**WHAT THE EXERCISE ASKS**.
Would you please copy the part of the material below that opens with the line containing "Audi Q8 Gebrauchtwagen Audi" and closes with the line containing "图珀洛温德姆呗盟酒店(Baymont by Wyndham Tupelo)图片"? Copy it exactly, and only it.

**EXTRACTED MATERIAL**.
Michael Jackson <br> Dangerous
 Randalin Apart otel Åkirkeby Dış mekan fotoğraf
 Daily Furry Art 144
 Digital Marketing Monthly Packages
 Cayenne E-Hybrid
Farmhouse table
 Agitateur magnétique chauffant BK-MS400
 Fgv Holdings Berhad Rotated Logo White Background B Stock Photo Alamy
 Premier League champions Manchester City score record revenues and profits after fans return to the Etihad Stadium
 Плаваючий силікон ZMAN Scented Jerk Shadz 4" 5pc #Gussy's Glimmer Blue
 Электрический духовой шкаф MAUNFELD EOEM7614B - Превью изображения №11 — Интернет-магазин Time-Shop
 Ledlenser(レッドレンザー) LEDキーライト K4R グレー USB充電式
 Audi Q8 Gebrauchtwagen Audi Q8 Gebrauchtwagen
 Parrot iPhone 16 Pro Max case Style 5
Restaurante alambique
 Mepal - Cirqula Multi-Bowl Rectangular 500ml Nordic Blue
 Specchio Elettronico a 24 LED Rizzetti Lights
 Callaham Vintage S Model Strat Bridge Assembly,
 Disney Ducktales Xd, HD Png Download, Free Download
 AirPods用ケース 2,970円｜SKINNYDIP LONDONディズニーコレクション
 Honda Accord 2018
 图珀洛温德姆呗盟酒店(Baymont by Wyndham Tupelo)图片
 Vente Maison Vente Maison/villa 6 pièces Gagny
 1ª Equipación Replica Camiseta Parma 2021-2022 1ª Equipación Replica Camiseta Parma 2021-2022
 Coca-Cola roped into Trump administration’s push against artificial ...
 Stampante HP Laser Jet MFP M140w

**COMPLETED EXERCISE**.
 Audi Q8 Gebrauchtwagen Audi Q8 Gebrauchtwagen
 Parrot iPhone 16 Pro Max case Style 5
Restaurante alambique
 Mepal - Cirqula Multi-Bowl Rectangular 500ml Nordic Blue
 Specchio Elettronico a 24 LED Rizzetti Lights
 Callaham Vintage S Model Strat Bridge Assembly,
 Disney Ducktales Xd, HD Png Download, Free Download
 AirPods用ケース 2,970円｜SKINNYDIP LONDONディズニーコレクション
 Honda Accord 2018
 图珀洛温德姆呗盟酒店(Baymont by Wyndham Tupelo)图片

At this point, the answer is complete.